PM may face a spill as polls hint huge upset
A NEW Premier, a new look Cabinet and possibly even a new party in government all now appear possibilities with a day to go to the 2015 Queensland election. .
There is also increasing speculation that a bad day for the LNP may trigger, as early as next week, a Liberal Party move against Tony Abbott.
Latest polling released by Essential have turned the contest on its head, suggesting Labor has a 51%-49% lead over the LNP on a two-party preferred basis.
The poll has found that if the past week the LNP was favoured by 38% of respondents ahead of Labor, 37%, the Greens 10 % and Palmer United 5%.
Griffith University humanities lecturer Dr Paul Williams, a political campaign expert, said a double-digit figure swing against the LNP, on top of the recent loss at the Victorian state election, could well lead to a leadership spill being called next week by a party disillusioned with its head.
"It's a perfect trigger well before the New South Wales state election and before the return of parliament,'' he said.
The latest Galaxy polling, conducted on Australia Day, had Labor federally ahead 56.5% to 43.5% on a two-party preferred basis.
Dr Williams said the numbers were worrying given an "average" Opposition Leader in Bill Shorten
A figure close to the LNP predicted everyone involved in the Queensland LNP campaign would be pointing the finger at Mr Abbott come Sunday.
Sunshine Coast LNP cabinet ministers who spoke to the Daily yesterday remained adamant Campbell Newman would retain his seat of Ashgrove.
They are views at odds with both polling, which gives Labor's Kate Jones a 54-46 two-party preferred lead in Ashgrove, and betting.
Ms Jones has firmed into a $1.35 favourite.
An LNP win remains likely but its 73 seats in the parliament may be cut to as few as 46 but with 48 firming as the more likely number.

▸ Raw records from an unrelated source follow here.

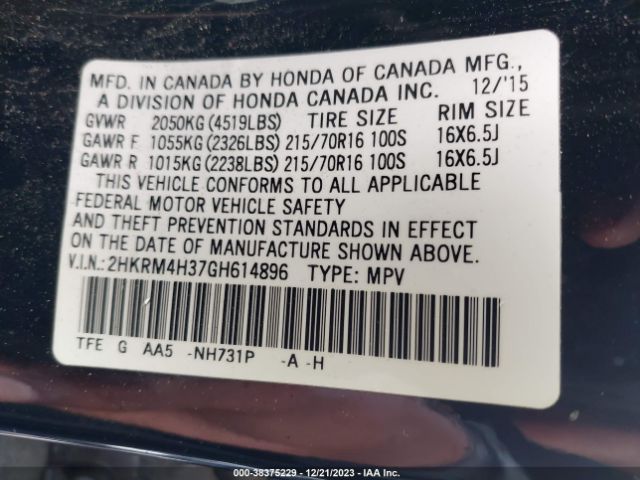 2HKRM4H37GH614896 Honda CR-V LX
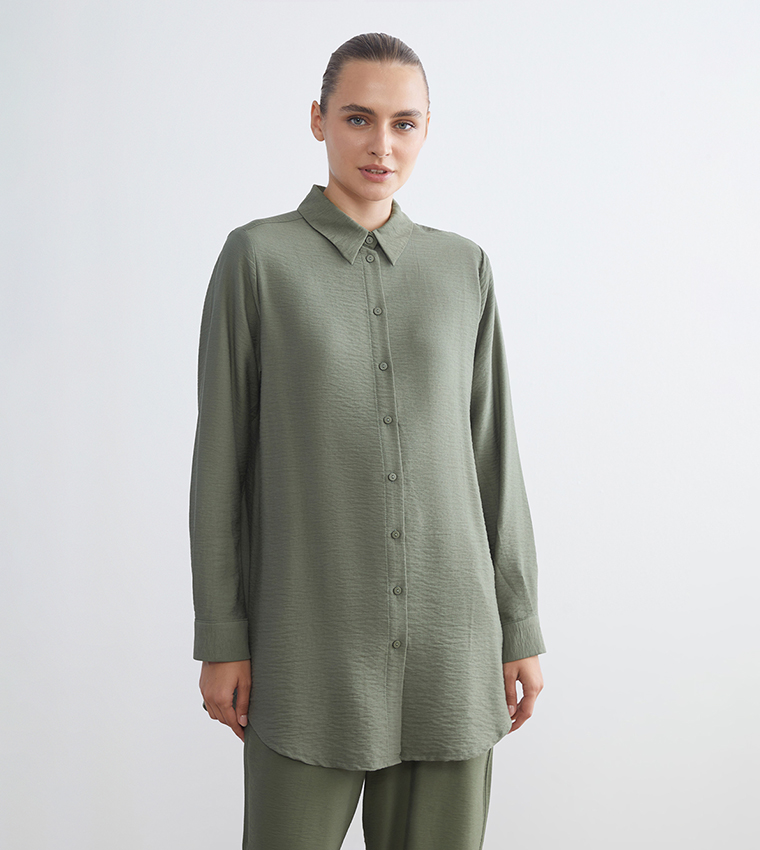 Textured Long Sleeves Tunic Shirt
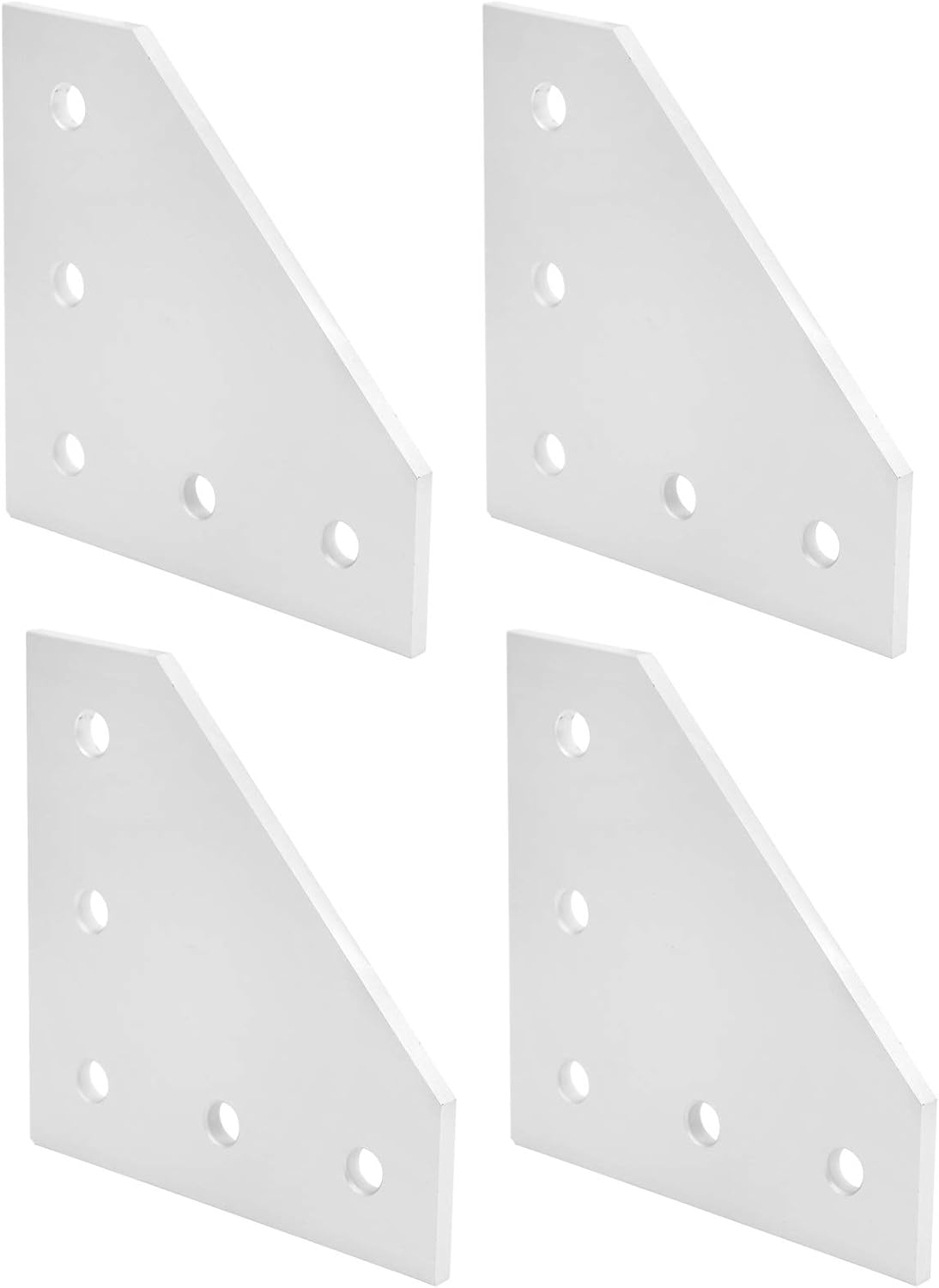 4Pcs Aluminum Alloy 5 - Hole Right Angle Joining Plate, Outside Corner Connector for Frame Structures, Reinforcement Plate with Smooth Finish for 2020 3030 4040 Extrusion (Type 3030L)
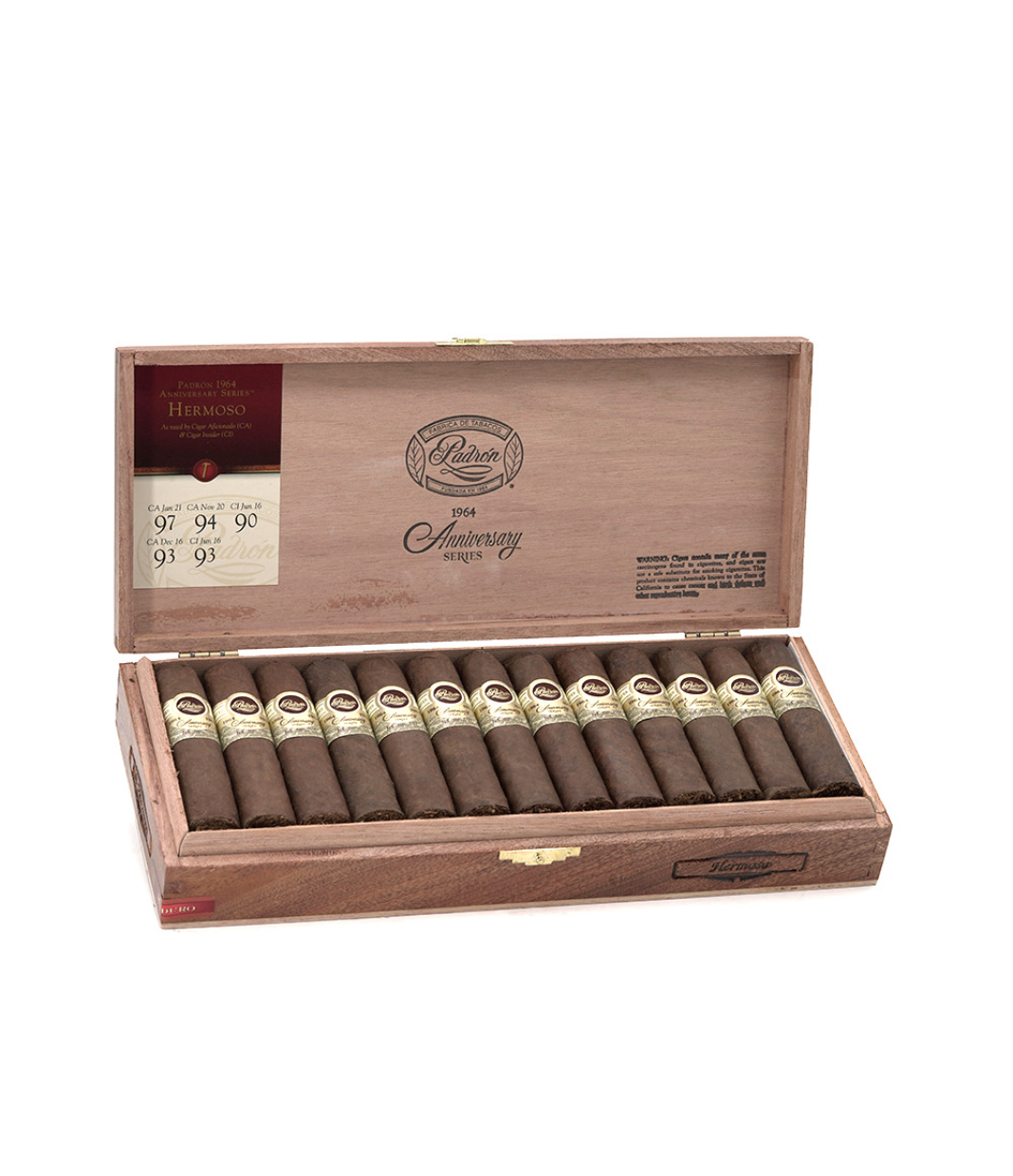 Padron 1964 Anniversary Series Hermoso Maduro Cigar Box of 26 close-up from AuCigars, premium Cuban cigar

That would leave Labor with 35 to 37 seats and the balance with independents and Katter Australia Party candidates.
The LNP may be reduced to just two seats in north Queensland and faces heavy losses in Brisbane.
Despite increasing signals that the swing against the government could reach 12-13%, Dr Williams believes it may be less and is tipping 9.7% across the board, but says his numbers may be conservative.
A consistent swing of 9.7% would leave the government with 49 seats, sufficient to govern but facing Labor with 38 seats (up from nine) and Katter and independent candidates with five.
"It may be closer run, far closer than I thought,'' Dr Williams said." I've been conservative, but maybe Morgan (poll) had it right at 50.5 LNP and 49.5% Labor, and a cigarette paper thickness between them.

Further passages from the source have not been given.